To help promote my newly published book, Accidental Soldier: A Memoir of Service and Sacrifice in the Israel Defense Forces, I’ve been using a number of strategies successfully to get on the speaking radar, beginning with my local community. These three strategies have helped me land more speaking engagements.

1. Start locally.

Your local community offers wonderful opportunities for networking and speaking. Almost all of these networking communities are looking for speakers to engage their members.

Here are a few examples:

  • Local rotaries love to feature different stories and profiles about their communities. You don’t have to be a member or write a book about business. You don’t have to be a bestselling author or a member of the National Speaking Association. You’ll typically be given a twenty- to twenty-five-minute speaking slot where you can talk about the themes of your book or the writing process—always offer a few helpful tips or strategies.
  • Informal business-type luncheons in your area can be identified through, and chances are there will be quite a few of these. These are homegrown opportunities. Plan on attending a few. Get to know the members. Ask what topics might be of interest for future speaking engagements. Offer to do a talk on a subject of value. Fiction is always a harder sell than nonfiction, but if you can talk about how your book supports universal themes or lessons, you’ll have a better chance of engaging your audience.
  • Bookstores and libraries are hungry for author talks and panels, but often there can be low turnout, which can be discouraging; in fact, bookstores and libraries are concerned about low turnout. Instead of immediately getting discouraged or intimidated due to a lack of a following, use your social media voice to drive “customers” to your venue using this sample plan.

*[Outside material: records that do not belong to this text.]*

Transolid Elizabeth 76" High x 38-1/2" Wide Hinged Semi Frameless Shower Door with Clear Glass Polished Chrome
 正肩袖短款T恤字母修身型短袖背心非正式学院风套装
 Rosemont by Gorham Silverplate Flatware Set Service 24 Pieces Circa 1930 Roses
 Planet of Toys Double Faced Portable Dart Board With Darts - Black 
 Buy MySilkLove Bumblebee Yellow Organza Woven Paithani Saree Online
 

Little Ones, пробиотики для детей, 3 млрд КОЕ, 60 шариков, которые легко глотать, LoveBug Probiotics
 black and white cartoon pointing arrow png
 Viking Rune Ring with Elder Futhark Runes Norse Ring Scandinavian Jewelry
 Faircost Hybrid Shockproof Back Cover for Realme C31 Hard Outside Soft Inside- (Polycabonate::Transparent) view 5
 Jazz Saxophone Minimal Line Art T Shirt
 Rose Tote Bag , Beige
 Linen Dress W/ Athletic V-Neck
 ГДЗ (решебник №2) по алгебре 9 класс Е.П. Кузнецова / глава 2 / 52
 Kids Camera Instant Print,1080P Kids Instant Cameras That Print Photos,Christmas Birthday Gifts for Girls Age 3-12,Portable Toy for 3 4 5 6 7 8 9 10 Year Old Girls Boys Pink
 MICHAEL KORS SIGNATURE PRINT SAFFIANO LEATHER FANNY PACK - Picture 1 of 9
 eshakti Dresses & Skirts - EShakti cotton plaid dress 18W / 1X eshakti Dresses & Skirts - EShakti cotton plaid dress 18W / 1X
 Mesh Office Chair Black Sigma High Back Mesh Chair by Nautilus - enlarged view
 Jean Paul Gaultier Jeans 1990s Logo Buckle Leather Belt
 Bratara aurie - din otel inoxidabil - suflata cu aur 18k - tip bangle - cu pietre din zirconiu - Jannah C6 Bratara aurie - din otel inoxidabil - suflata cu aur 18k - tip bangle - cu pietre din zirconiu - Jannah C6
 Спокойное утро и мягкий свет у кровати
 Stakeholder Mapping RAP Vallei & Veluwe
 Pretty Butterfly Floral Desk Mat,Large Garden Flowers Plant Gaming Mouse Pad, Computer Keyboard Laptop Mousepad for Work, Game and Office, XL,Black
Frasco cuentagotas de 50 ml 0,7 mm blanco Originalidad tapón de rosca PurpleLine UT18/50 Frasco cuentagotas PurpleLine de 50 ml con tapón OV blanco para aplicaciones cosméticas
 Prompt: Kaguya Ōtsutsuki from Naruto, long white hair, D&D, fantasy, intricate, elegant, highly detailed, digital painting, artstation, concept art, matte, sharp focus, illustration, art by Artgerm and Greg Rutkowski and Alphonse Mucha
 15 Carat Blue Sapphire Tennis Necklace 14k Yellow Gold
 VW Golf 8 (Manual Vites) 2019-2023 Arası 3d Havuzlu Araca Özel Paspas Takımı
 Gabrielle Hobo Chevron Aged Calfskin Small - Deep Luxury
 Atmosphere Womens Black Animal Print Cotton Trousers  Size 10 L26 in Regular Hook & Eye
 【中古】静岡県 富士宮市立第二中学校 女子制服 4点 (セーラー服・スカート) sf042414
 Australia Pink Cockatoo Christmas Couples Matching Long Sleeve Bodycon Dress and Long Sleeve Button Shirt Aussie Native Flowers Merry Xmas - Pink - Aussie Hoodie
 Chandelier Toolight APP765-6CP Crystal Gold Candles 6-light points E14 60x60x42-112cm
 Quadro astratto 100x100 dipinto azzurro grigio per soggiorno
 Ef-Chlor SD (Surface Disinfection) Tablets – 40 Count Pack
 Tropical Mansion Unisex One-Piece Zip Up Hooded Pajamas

2. Use the same book to appeal to different audiences.

Another tried and true way to get more speaking gigs is to appeal to multiple audiences. Use themes as a starting point. If you’re a novelist or memoirist, pitch themes that have the strongest universal appeal.

Here are examples of how I pitched six different venues with the themes of my memoir:

  • For schools: I pitched my book within the framework of an author talk that also supports the objectives of the English or global studies curriculum, because serving in the Israel Defense Forces is a worldly topic that also encompasses a coming-of-age story. I also use the heroine’s journey to support the “courage piece” of the book, which is meaningful for targeting private girls’ schools.
  • For Hillel campuses on US universities: I slightly changed the pitch to appeal to a Jewish student body.
  • For military groups and women’s organizations: I changed the wording of the pitch to showcase the status and plight of women and what it feels like to serve as a woman in a foreign militaristic country.
  • For global/refugee-type organizations: I changed the wording of the pitch to appeal to the plight of the refugee and immigrants and to give tips to directors of these organizations on how to help immigrants and refugees acculturate more effectively to the US.
  • For writing groups, talks, and conferences: I pitched to conference organizers about the courage it took to write a memoir, which also encompasses the craft of memoir writing.
  • For business groups: I used my story of courage to talk about another strategy: the courage to market yourself as a thought leader in your industry.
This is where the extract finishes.